- DESCRIPTION OF THE TASK: Needed from the data below: every line from the one with "this 474×316 image." up to and including the one with "this 800×600 image.", repeated exactly and with nothing else.

- DATA FOR PROCESSING:
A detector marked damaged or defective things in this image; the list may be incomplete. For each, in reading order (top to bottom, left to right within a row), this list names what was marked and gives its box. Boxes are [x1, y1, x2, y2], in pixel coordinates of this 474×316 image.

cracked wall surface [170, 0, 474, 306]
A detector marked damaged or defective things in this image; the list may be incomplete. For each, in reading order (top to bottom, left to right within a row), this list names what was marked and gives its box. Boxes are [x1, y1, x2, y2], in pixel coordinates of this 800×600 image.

---

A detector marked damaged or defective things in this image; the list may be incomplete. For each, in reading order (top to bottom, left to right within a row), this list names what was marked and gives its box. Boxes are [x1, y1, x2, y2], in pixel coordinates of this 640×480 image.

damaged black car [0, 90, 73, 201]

--

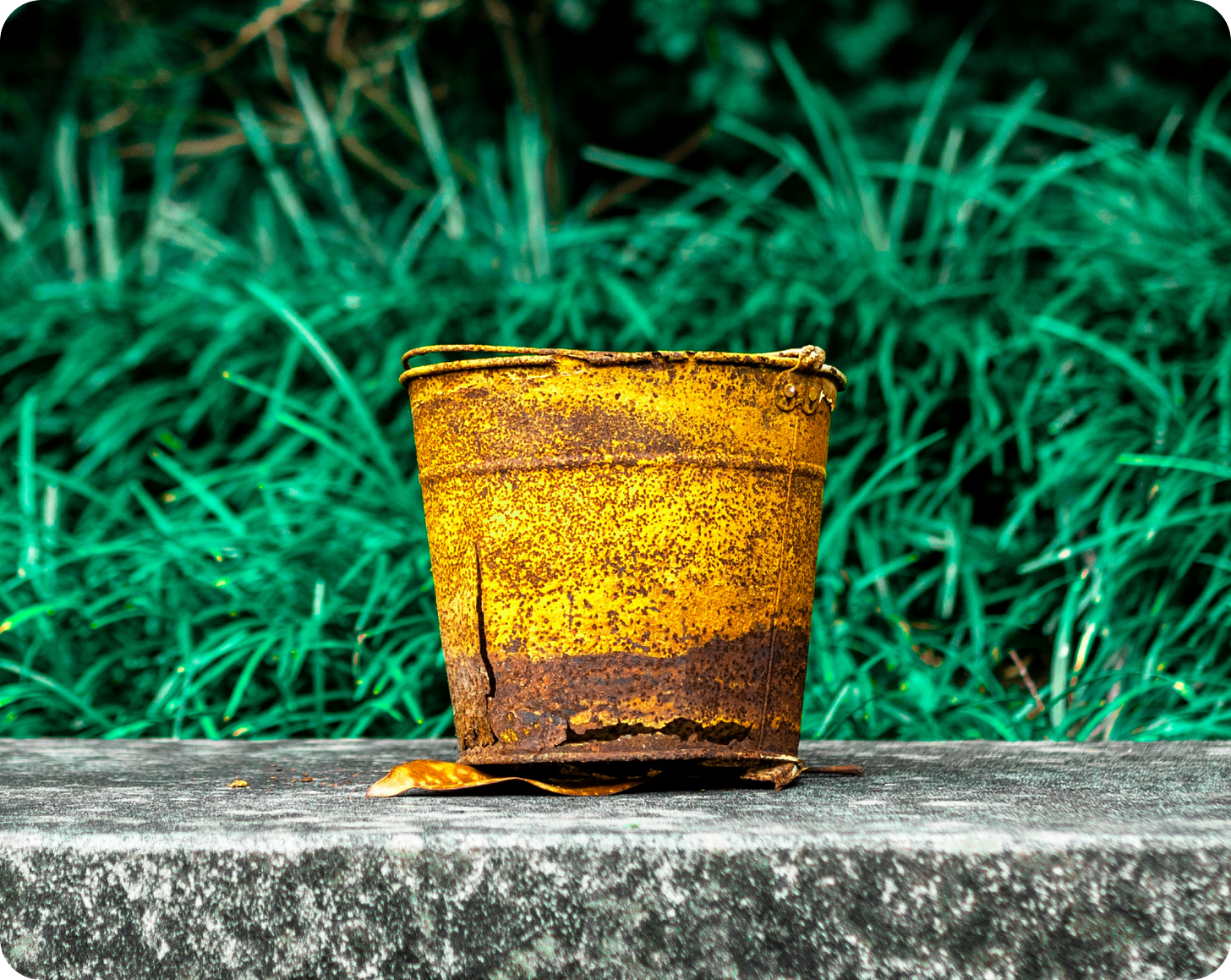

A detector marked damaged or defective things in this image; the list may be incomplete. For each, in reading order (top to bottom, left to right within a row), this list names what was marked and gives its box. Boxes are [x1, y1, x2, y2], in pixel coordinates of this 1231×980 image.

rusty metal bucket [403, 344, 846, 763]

- EXPECTED OUTPUT:
A detector marked damaged or defective things in this image; the list may be incomplete. For each, in reading order (top to bottom, left to right within a row), this list names what was marked and gives its box. Boxes are [x1, y1, x2, y2], in pixel coordinates of this 474×316 image.

cracked wall surface [170, 0, 474, 306]
A detector marked damaged or defective things in this image; the list may be incomplete. For each, in reading order (top to bottom, left to right within a row), this list names what was marked and gives its box. Boxes are [x1, y1, x2, y2], in pixel coordinates of this 800×600 image.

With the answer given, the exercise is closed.